# PROBLEM DESCRIPTION
In the entries below, count every line that has the string "Best", and answer with that count alone.
[Opening DATASET EXCERPTS section]
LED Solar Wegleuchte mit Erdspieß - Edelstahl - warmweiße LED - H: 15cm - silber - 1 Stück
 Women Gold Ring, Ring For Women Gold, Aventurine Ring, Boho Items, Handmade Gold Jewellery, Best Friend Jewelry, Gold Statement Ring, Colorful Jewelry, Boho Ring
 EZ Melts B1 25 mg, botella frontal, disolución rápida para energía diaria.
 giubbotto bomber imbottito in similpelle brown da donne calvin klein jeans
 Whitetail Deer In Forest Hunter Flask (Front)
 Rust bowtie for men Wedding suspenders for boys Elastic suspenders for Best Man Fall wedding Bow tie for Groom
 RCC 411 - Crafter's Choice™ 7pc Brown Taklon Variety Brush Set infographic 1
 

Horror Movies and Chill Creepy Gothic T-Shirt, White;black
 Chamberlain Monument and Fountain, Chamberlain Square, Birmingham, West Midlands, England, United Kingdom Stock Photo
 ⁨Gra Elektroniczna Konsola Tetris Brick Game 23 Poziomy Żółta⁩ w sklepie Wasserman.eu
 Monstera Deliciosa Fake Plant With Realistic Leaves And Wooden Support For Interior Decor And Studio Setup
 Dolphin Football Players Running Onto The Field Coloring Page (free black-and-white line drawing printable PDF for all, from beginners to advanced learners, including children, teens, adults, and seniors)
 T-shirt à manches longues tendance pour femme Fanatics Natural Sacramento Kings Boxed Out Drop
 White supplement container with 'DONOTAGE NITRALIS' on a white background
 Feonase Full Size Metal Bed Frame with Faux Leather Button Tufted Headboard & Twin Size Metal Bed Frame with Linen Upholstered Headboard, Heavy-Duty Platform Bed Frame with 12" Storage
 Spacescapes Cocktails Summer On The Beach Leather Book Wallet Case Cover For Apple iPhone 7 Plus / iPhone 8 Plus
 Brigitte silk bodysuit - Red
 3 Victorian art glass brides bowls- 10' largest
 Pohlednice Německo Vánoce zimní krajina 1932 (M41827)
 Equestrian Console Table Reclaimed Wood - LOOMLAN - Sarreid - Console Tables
[Closing DATASET EXCERPTS section]
# WRITTEN SOLUTION
2